Jennifer Stewart-USA TODAY Sports

The Los Angeles Lakers lost to the Phoenix Suns 120-101 on Tuesday night, their 9th loss in their first 11 games, tying their worst 11-game start in franchise history, according to ESPN Stats and Information. The team has looked the part on the court, and their efficiency ratings back it up: as of Tuesday night, the Lakers possessed the NBA's fourth worst defense, offense, and net rating. The ultra-pipe dream of playoff contention the team professed during the lead-up to the regular season is over.

In addition to not being a very good basketball team, there were a few factors making things worse on the Lakers on Tuesday night. The team was playing in the dreaded home and away back-to-back, only getting in to Phoenix at around 1:00 on Tuesday morning after getting their second win of the year in a hard fought game against the Detroit Pistons the night before in Los Angeles.
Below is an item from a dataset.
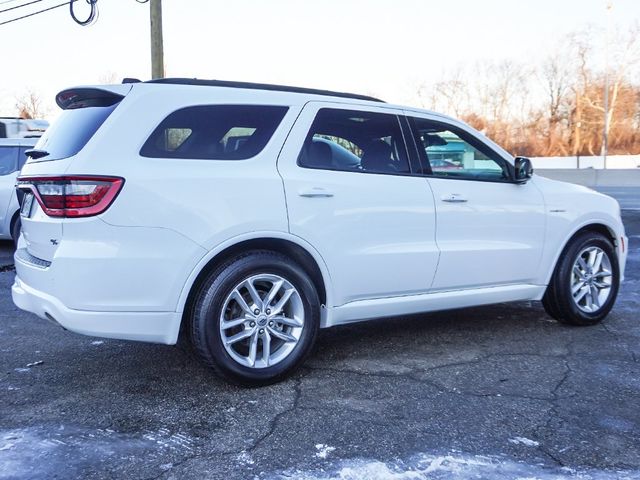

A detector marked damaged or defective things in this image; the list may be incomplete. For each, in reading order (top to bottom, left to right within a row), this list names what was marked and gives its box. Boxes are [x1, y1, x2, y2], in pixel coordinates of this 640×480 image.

cracked pavement [1, 207, 640, 480]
Lakers head coach Byron Scott did not want any excuses about fatigue after the team hung with the Suns for three quarters before giving up a 40 point fourth quarter as Phoenix pulled away:

That was not the only platitude Scott had to blame for the Lakers latest loss:

This is at least the second time Scott has called his players' manhood into question after a loss. This is problematic for a number of reasons, not the least of which are the vaguely sexist undertones, but Scott is a product of a different time and probably did not mean it like this, so I will assume he was basically equating "manning up" with toughness here.

That's a problem because some lack of being "men" or "toughness" or "grit" is not to blame for the Lakers problems. This is a roster full of mostly poor defensive players outside of Roy Hibbert and flashes of Larry Nance, Jr. Compound that with Scott's increasingly baffling decision to continue to play Brandon Bass at center and you have the recipe for a 40-point quarter from the Suns.
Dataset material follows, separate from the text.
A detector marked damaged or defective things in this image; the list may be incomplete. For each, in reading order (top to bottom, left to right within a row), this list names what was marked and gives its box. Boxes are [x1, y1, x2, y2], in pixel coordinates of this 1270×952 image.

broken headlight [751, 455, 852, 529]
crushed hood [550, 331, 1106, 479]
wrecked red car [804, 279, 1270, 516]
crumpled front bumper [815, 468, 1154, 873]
The Lakers trailed 80-75 entering the fourth quarter. The team promptly gave up 21-11 run as Bass once again was run out by Scott as the five-man with Marcelo Huertas, Nick Young, Lou Williams, and Larry Nance, Jr. Replace Nance, Jr. with Ryan Kelly and that is basically the worst defensive lineup the Lakers could play. The first issue was being unable to recover from turnovers like this one:

This was a sloppy giveaway from Huertas, who telegraphed his pass when he cocked his arm back, giving T.J. Warren an easy steal and dunk. Huertas' tipping off defenders with his movements like this was an issue I worried would give him trouble once opponents had more tape on him, and that flared up here.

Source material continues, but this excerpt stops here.